(Collected data entries)
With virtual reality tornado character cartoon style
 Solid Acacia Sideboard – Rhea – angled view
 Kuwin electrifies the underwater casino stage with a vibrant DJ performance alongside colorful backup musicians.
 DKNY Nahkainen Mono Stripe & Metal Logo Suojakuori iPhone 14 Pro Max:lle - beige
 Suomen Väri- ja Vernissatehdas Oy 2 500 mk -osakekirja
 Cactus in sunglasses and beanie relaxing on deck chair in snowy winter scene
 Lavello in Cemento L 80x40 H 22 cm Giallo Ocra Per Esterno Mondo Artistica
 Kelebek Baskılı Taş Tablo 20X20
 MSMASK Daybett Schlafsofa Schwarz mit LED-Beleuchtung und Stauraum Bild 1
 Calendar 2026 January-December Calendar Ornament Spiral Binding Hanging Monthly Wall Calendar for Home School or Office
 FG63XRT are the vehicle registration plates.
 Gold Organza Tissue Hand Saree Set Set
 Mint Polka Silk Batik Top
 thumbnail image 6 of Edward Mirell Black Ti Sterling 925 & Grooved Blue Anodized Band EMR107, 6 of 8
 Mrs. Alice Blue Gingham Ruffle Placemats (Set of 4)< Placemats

**Work order:**
Start with the line above that contains "Kelebek Baskılı Taş Tablo 20X20" and end with the line that contains "Gold Organza Tissue Hand Saree Set Set". Write out those lines exactly, and only those.

**Your response:**
 Kelebek Baskılı Taş Tablo 20X20
 MSMASK Daybett Schlafsofa Schwarz mit LED-Beleuchtung und Stauraum Bild 1
 Calendar 2026 January-December Calendar Ornament Spiral Binding Hanging Monthly Wall Calendar for Home School or Office
 FG63XRT are the vehicle registration plates.
 Gold Organza Tissue Hand Saree Set Set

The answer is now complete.